Instead, use mineral spirits, 0000 steel wood, and elbow grease. It's not particularly fast, but it will remove the finish, clean the wood, and leave the stain in place and the surface smooth, perfect for finishing. Linseed oil has been used for centuries, and it works, but to get a good result it requires the patience of Job. You see, linseed oil never really dries. Yes, it'll get to the point where it feels dry, but it takes forever to get there. You will grow impatient and add another coat too soon, the #1 mistake amateur stock refinishers make. Then, you'll decide that it needs more work and you will only compound your mistakes.

Much better is to use Tru Oil. After you've cleaned the stock, let it sit for a couple of days so that all the mineral spirits evaporate. Buff the wood one more time with the steel wool. Then, apply the Tru Oil a tiny bit at a time, using only your clean fingers. By tiny, I mean no more than a few drops, rubbed in until it feels dry. It isn't dry, but it will be pretty soon. Once it is, buff again with the steel wool, apply another coat. Let it dry. Buff again. Repeat until done.

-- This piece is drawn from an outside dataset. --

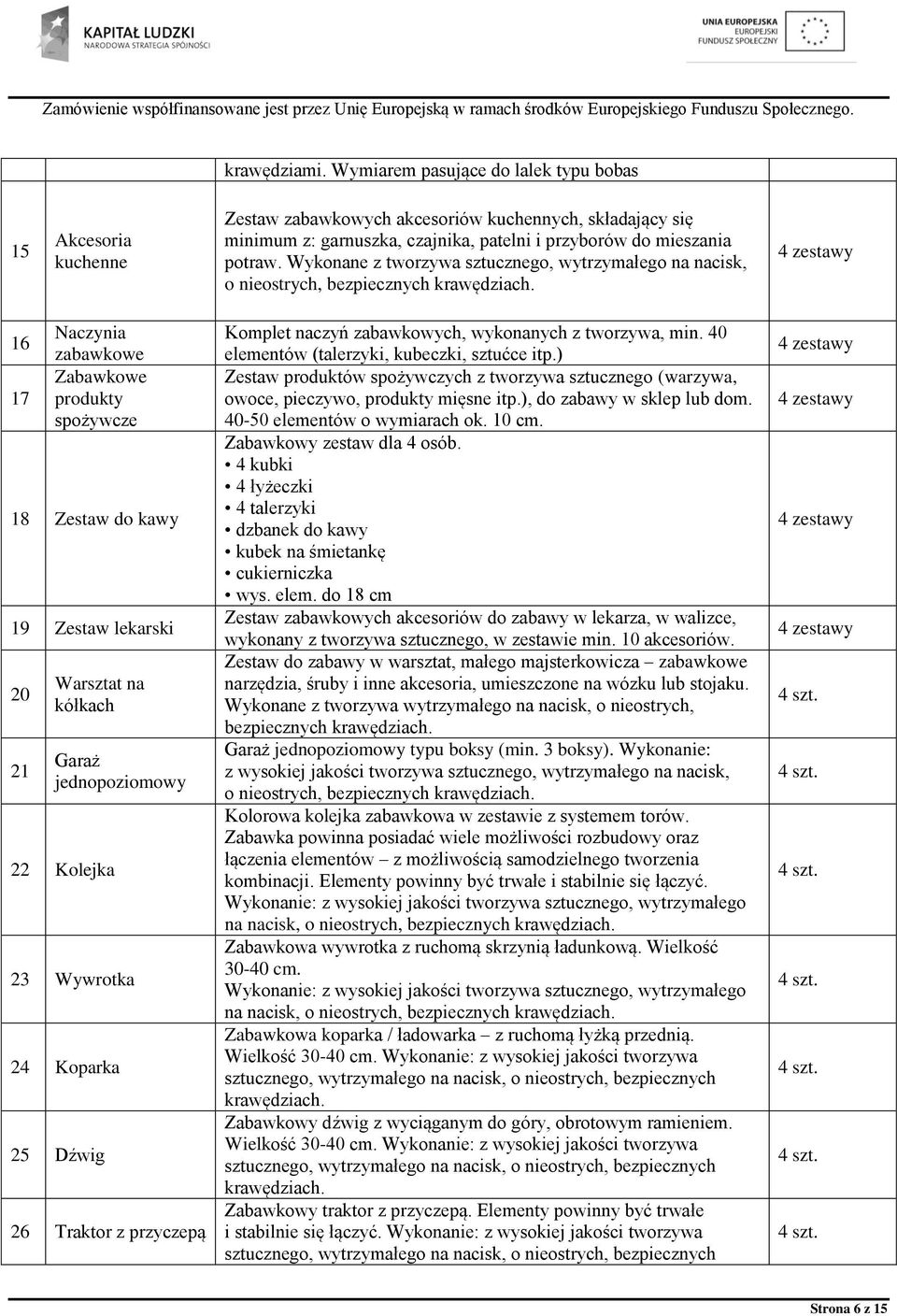 Wykonane z tworzywa sztucznego, wytrzymałego na nacisk, o nieostrych, bezpiecznych krawędziach.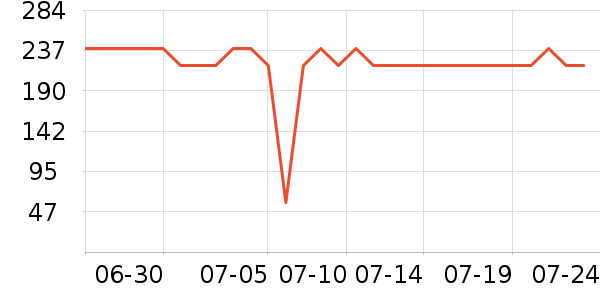 ��ҵ紵����ʷ�۸�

It may take 3 coats, it may take 30, but eventually you will have every pore, nook and cranny filled as they should be. If you buff it one final time, you will have a durable finish that looks like the old hand-rubbed oil finishes; if you don't buff it that final time, it'll be a glossy finish.

If you think I am making it sound like there is no real shortcut in stock finishing, you are correct; but Tru Oil dries at least 10 times faster than linseed oil, and that means you can get superb results in days rather than weeks.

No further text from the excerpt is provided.